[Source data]

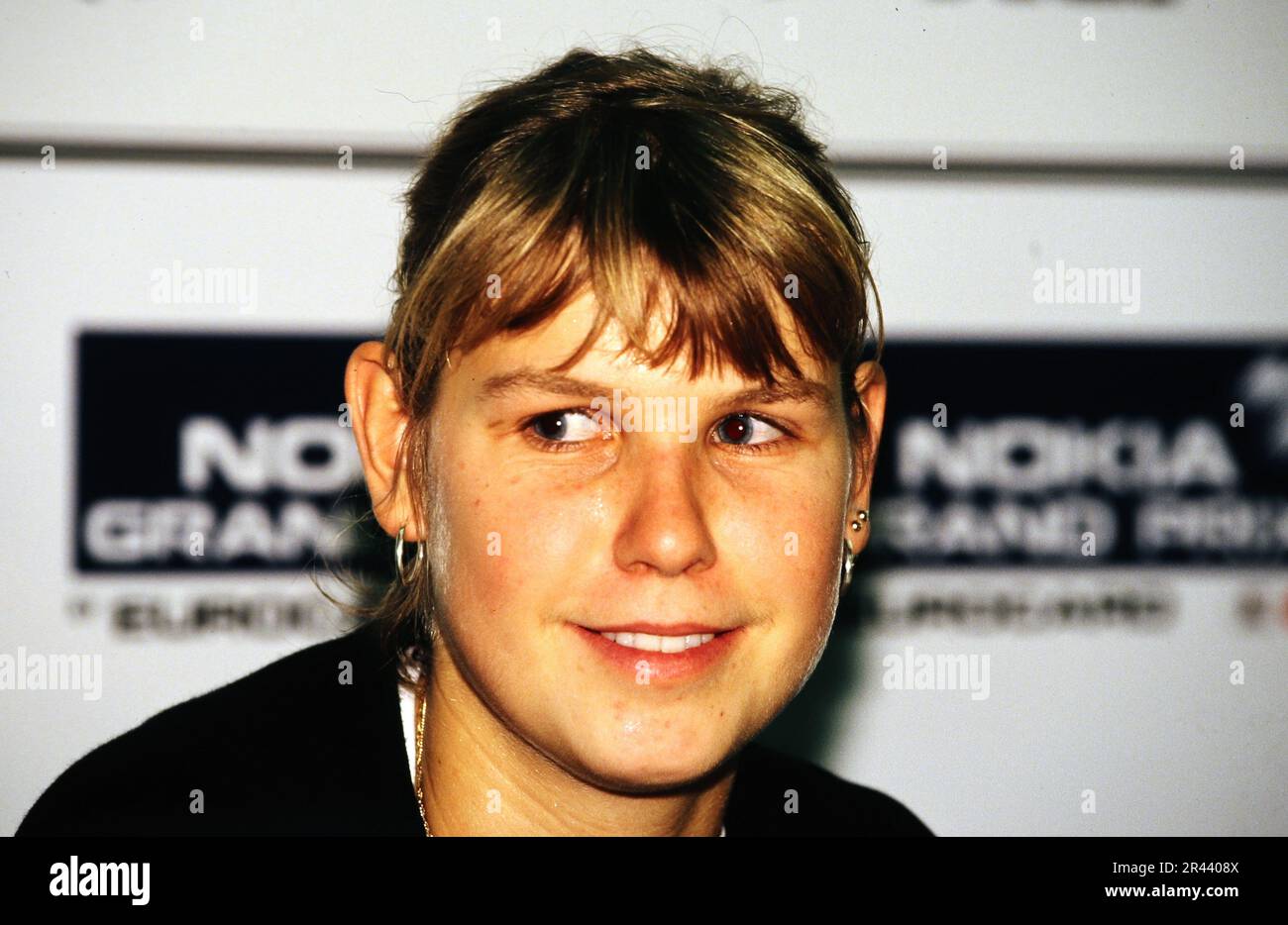 Anke Huber, deutsche Tennisspielerin, bei einer Pressekonferenz Porträt. Stockfoto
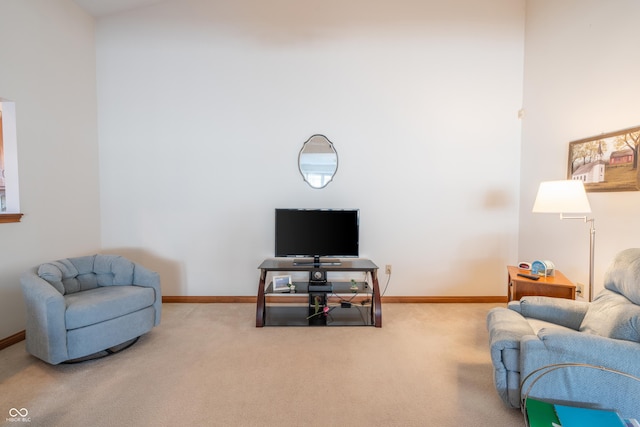 living room featuring carpet floors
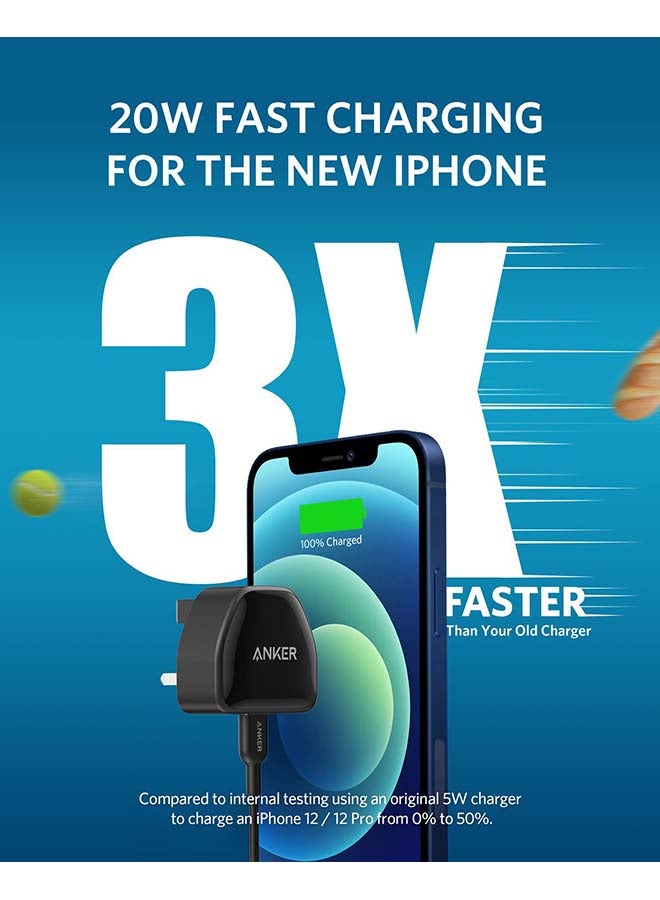 Anker - Nano iPhone Charger, 20W PIQ 3.0 Durable Compact Fast Charger, PowerPort III USB-C Charger for iPhone 16/16 Pro/16 Plus /16 Pro Max, 15/14/13 Series, Galaxy, iPad (Cable Not Included) Black - Image 1
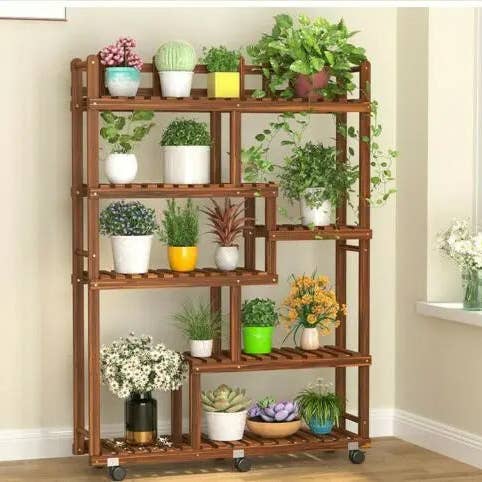 everythingbamboo – Großhandel Blumentopfständer – Pflanzenständer aus Holz, mehrstöckig, für drinnen und draußen, Aufbewahrungsregal, Pflanzgefäß für den Garten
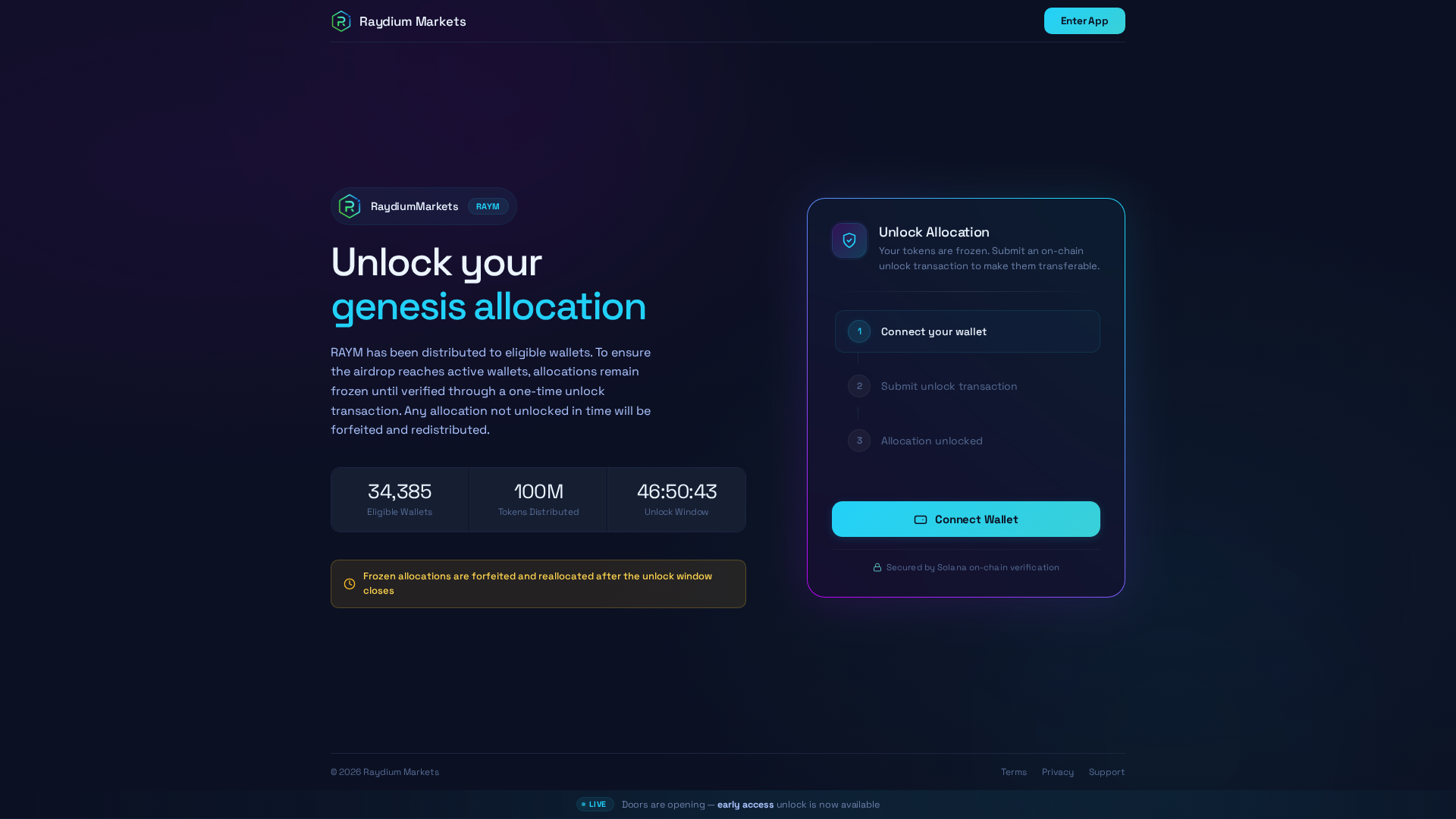 Screenshot of raydiummarkets.fun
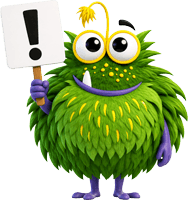 Monster Möh holding a sign with an exclamation mark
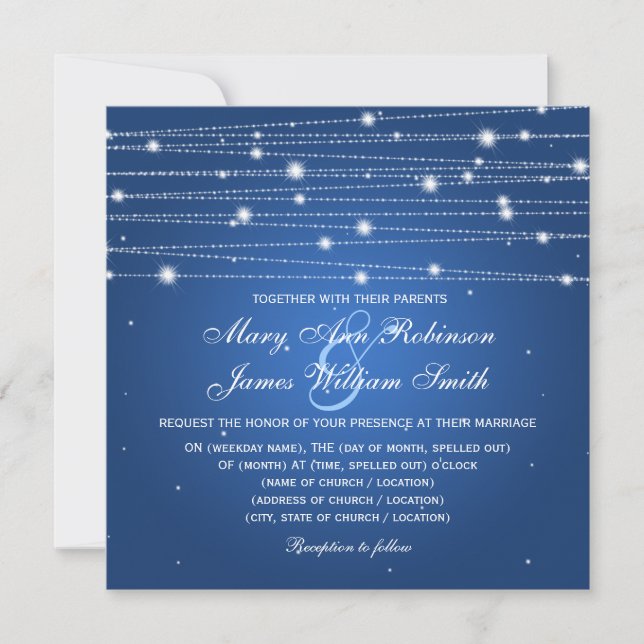 Invitación Elegante Boda Sparkling Lines Sapphire Blue (Anverso)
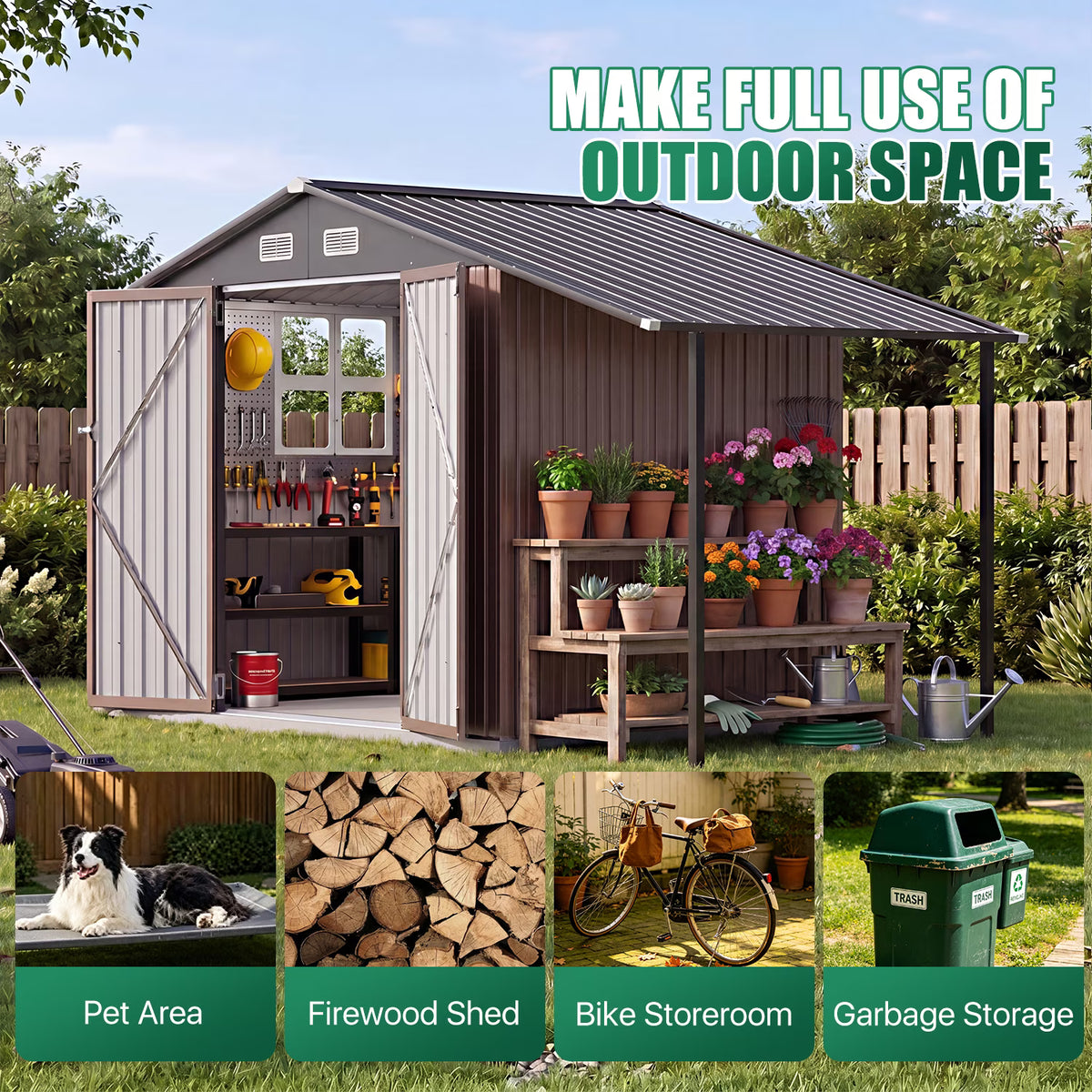 Dateyes 10 x 6 FT Metal Storage Shed with Hardtop Gazebo, Outdoor Tool Shed Firewood Storage for Garden, Backyard, Brown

**Directions**
Lines before the one containing "Anker - Nano" are not wanted; write out that line and every later line through the end of the data above, exactly, without pictures.

**Expected output**
 Anker - Nano iPhone Charger, 20W PIQ 3.0 Durable Compact Fast Charger, PowerPort III USB-C Charger for iPhone 16/16 Pro/16 Plus /16 Pro Max, 15/14/13 Series, Galaxy, iPad (Cable Not Included) Black - Image 1
 everythingbamboo – Großhandel Blumentopfständer – Pflanzenständer aus Holz, mehrstöckig, für drinnen und draußen, Aufbewahrungsregal, Pflanzgefäß für den Garten
 Screenshot of raydiummarkets.fun
 Monster Möh holding a sign with an exclamation mark
 Invitación Elegante Boda Sparkling Lines Sapphire Blue (Anverso)
 Dateyes 10 x 6 FT Metal Storage Shed with Hardtop Gazebo, Outdoor Tool Shed Firewood Storage for Garden, Backyard, Brown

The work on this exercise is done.